BEAUFORT, S.C. — Long before he became Smokin’ Joe, the future heavyweight champion was known in his South Carolina hometown as “Billy Boy” – a stocky farmer’s son who honed his devastating left hook on a punching bag made from a flour sack stuffed with corn cobs, rags and Spanish moss.
Joe Frazier would make Philadelphia his adopted home, but his roots ran deep in the sandy soil of the South Carolina coast where he was born in 1944. More than 250 family members and friends gathered Wednesday for a church memorial service near his hometown of Beaufort.
“He was Joe Frazier to the world, but he was our Uncle Billy,” said Dannette Frazier, one of about a dozen of Frazier’s nieces and nephews who still live near the 10-acre farm where the boxer was raised.
Frazier died Nov. 7 from cancer at age 67.
Absent from the service at Bethesda Christian Fellowship on St. Helena Island was Frazier’s body. In place of his casket, two large portraits of Frazier stood at the church altar – one of him wearing the Olympic gold medal he won in 1964; the other taken with his massive heavyweight champion belt slung over his shoulder.
After the church service, dozens more gathered for an outdoor memorial at a waterfront park overlooking the Beaufort River.
“I feel like, as the breeze is blowing, my father’s spirit is here,” Frazier’s daughter, Jacqui Frazier Lyde, of Philadelphia, said. “Because this is his home.”

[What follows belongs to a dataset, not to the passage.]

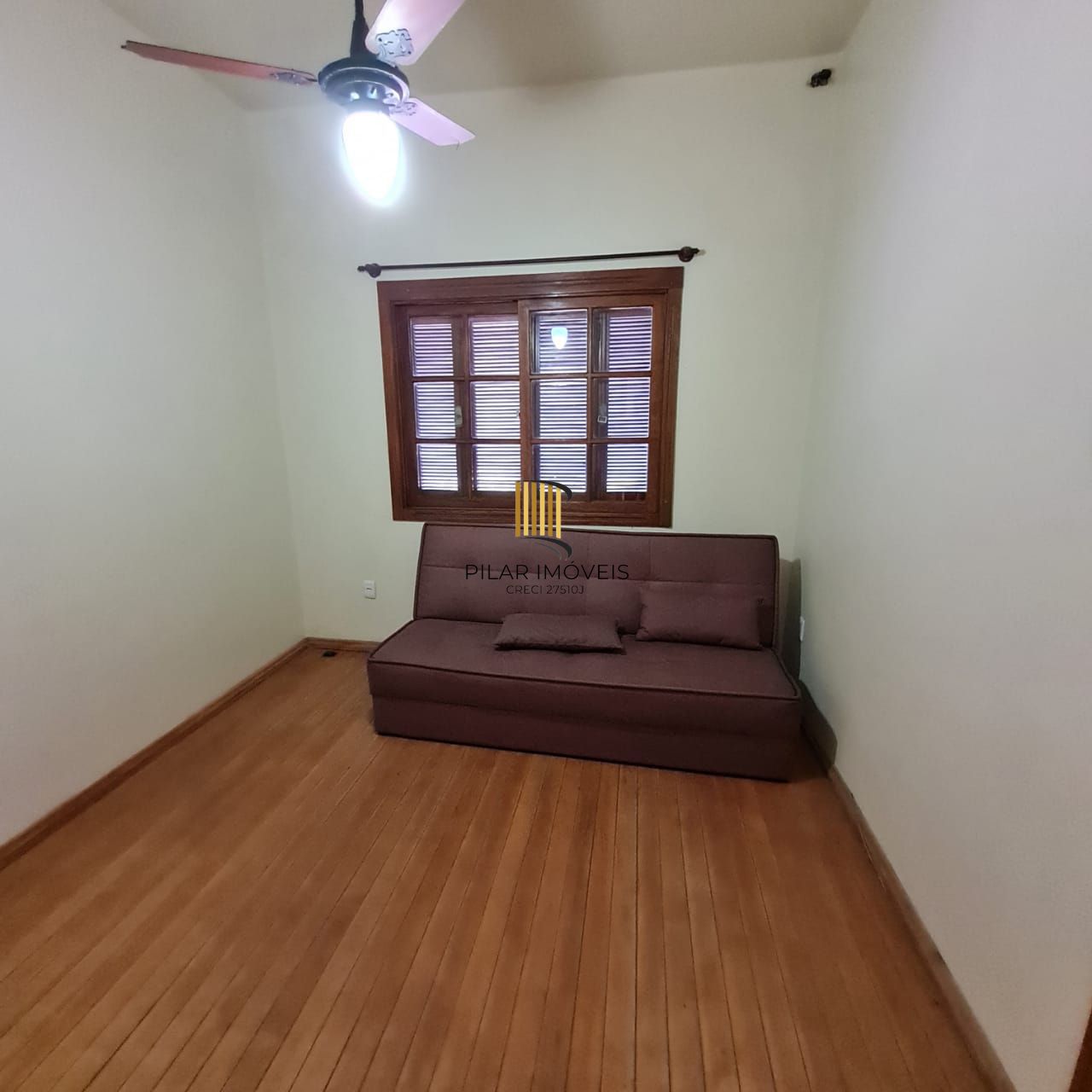 Casa 4 dormitórios no bairro Medianeira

Frazier made frequent trips back to South Carolina, where some family members still live along a road named after him in Beaufort.
Frazier spent his first 15 years in Beaufort on a farm where his parents grew corn, watermelon and okra. His mother would later recall Frazier started to fight around the age of 9.
Frazier’s father encouraged the brawling, and Frazier started training with whatever materials he had at hand. In 1959, at age 15, Frazier bought a ticket and boarded a bus to New York to begin training as a boxer in earnest.